Теперь Шамуэй стал отсчитывать вслух секунды, старик отсчитывал вместе с ним.
Они подняли бокалы с шампанским.
— Девять, восемь, семь…
Внизу наступила мёртвая тишина. Небо дышало ожиданием. Телекамеры устремились кверху, готовые начать слежение.
— Шесть, пять…
Они чокнулись.
— Четыре, три, две…
Сделали первый глоток.
— Одна!
Оба со смехом выпили ещё. Потом взглянули на небо. Золотистый воздух над береговой линией Ла-Хольи замер. Настал миг великого прибытия.
— Оп! — выкрикнул молодой репортёр, словно фокусник на манеже.
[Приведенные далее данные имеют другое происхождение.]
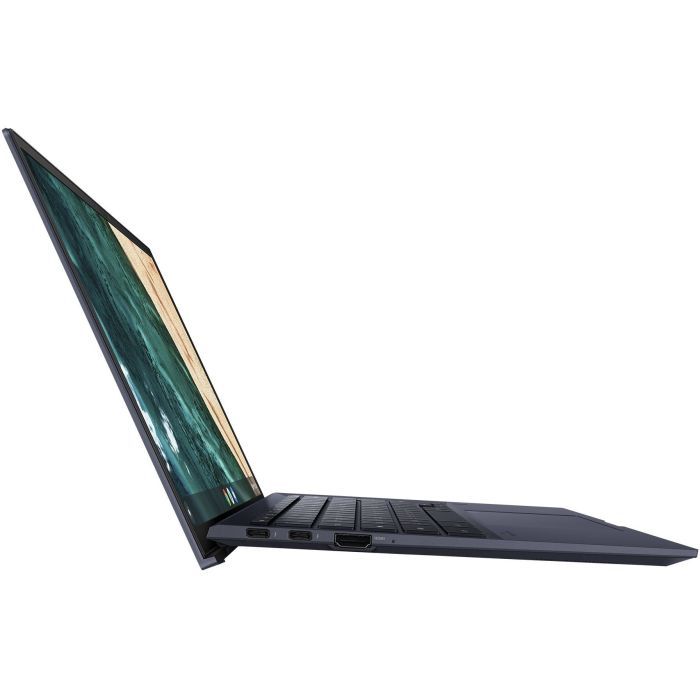 Ноутбук ASUS Chromebook CX9 CB9400CEA-HU0323 (90NX0351-M00AP0) изображение 5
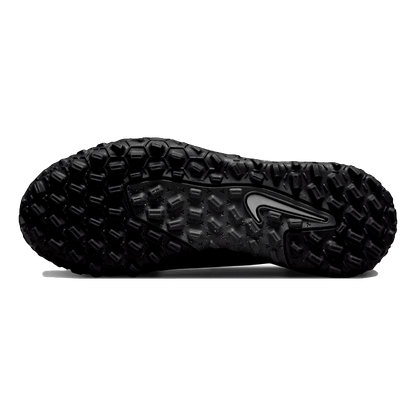 Nike Phantom GT2 Academy Dynamic Fit Youth Turf Shoes
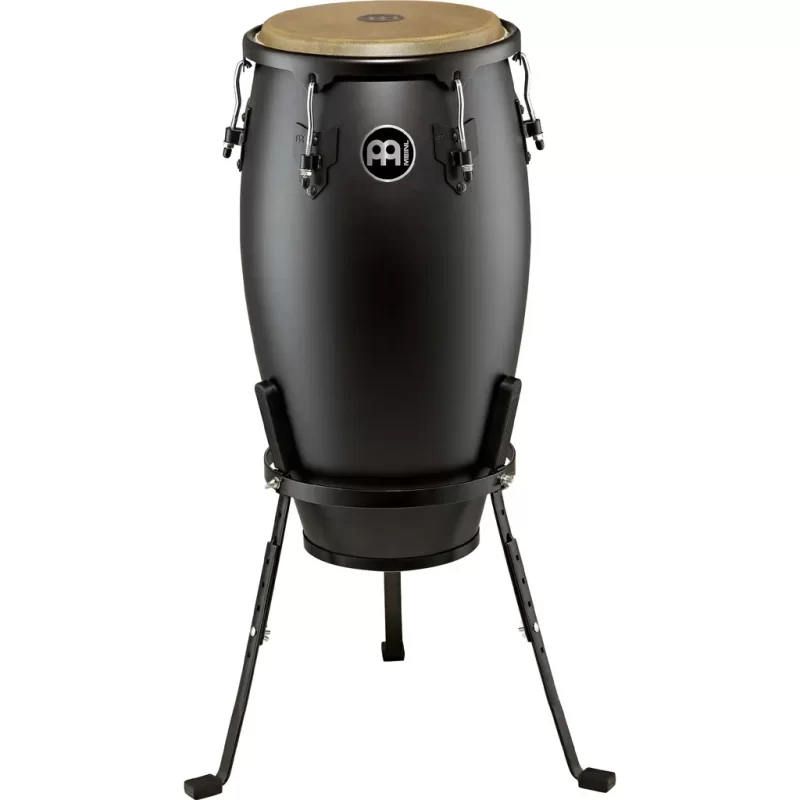 Conga Meinl HC12PBK-M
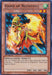 Hand of Nephthys [LCYW-EN260] Rare - for just $0.15! 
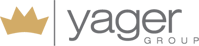 Logo Yager Group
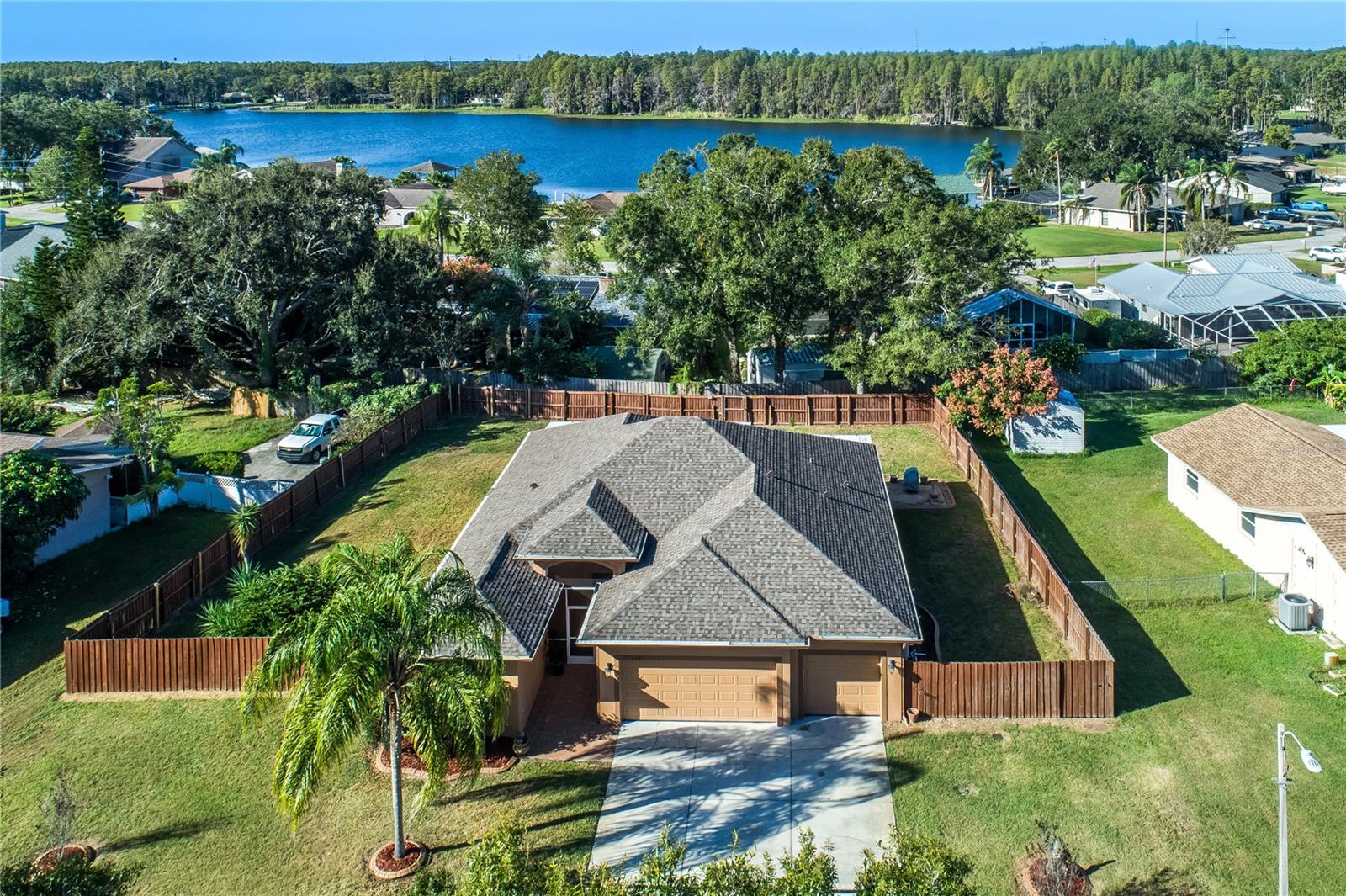 22454 WEEKS BLVD, LAND O LAKES, FL, 34639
— Оп, — мрачно повторил Стайлз.
Никакого эффекта.
Прошло пять секунд.
Небо зияло пустотой.
Прошло десять секунд.
Воздушная стихия не дрогнула.
Прошло двадцать секунд.
Ничего.
Не выдержав, Шамуэй вопросительно посмотрел на старика, стоявшего рядом.
Стайлз выдержал его взгляд, повёл плечами и сказал:
— Я солгал.
— Что? — вскричал Шамуэй.
В толпе началось волнение.
— Я солгал, — без обиняков повторил старик.
— Не может быть!
— И тем не менее, — сказал путешественник во времени. — Никуда я не летал. Просто обставил всё так, чтобы все поверили. Машины времени нет и в помине — есть только её подобие.
— Как же так? — Репортёр в полной растерянности схватился за перила. — Как же так?
— Вижу, у тебя на лацкане закреплён микрофон. Включай. Да. Годится. Пусть все слышат. Поехали.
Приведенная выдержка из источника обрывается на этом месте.